Kiyosaki proceeded to cite the case of Bill Gates: the Microsoft mogul never actually graduated from college, but did that keep him from making his fortune?  No way!  Diplomas are nice, but they don't reliably add up to more money.

Robert Kiyosaki says that the only true prerequisites to being rich are that one must be determined and a quick study. Beyond that, it's all about what you know. One of the first things you need to know about becoming rich is where you fall on the Cash Flow Quadrant.

Kiyosaki's "Rich Dad," actually his childhood best friend's father, is the one who introduced him to the Cash Flow Quadrant, a handy diagram that visually illustrates the ways in which individuals with different personalities relate to money.  It consists of a square split into four quadrants, labeled 'E' (Employee), 'S' (Self-employed), 'B' (Business), and 'I' (Investor).  If your aim is to become rich, you're going to have to set your sights on the 'B' and 'I' quadrants of the diagram.

What Robert Kiyosaki means when he says that in order to build wealth, you need to be a quick learner, is that you must learn the ropes of investing.  Following in the steps of "Rich Dad," Kiyosaki himself invested in real estate- a great choice for anyone considering investing, as so much depends on it.  In his "Rich Dad," book, he points out how many of Hawaii's businesses were located on land owned by Rich Dad.

This isn't about learning the minutiae of real estate investing and immersing yourself in every technical point and statistic- these things are important and useful for  investors, but this expertise can come in the form of a profession that you hire to make these in-depth decisions for you.  You only need to understand the subject matter to the extent that you can recognize an expert when you see one.

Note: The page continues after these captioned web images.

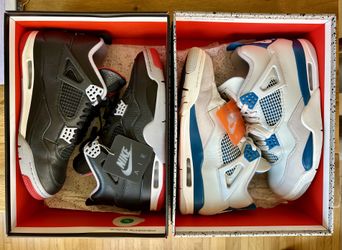 Jordan 4 Bred & Industrial Blue Sz. 10.5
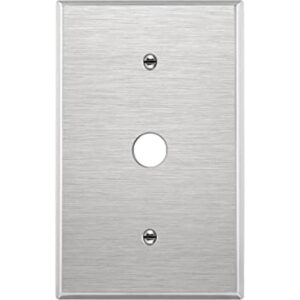 ENERLITES Placa de pared de metal con agujero de 0.625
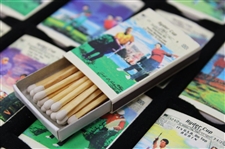 1927-1997 Ryder Cup Commemorative Series Matchbooks in Shadow Box 
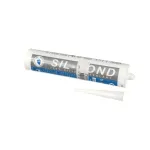 True 820562 Silicone Sealant, Clear, 10.1 Ounce Cartridge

That is a far cry from thinking like a Self-employed person. According to Kiyosaki, a self-employed person is someone who owns a job, not a business. You don't own a true business, he said, unless you can leave it for a year and return to find it still making money for you. Businesspeople, he said, know better than to try to do everything themselves. In order to save time and money, they hire people to do the things they can't do or don't have time to do. That's why hiring a qualified real estate professional to guide you in your decisions can be a good investment in and of itself.

At the end of the day, you only really need to have a certain level of knowledge regarding the ins and outs of Minnesota real estate, and the experts you hire can guide you the rest of the way. If you take one thing from reading this article, let it be this: if you aspire to be rich, it's time for you to make the move to the 'I' quarter of the Cash Flow Quadrant.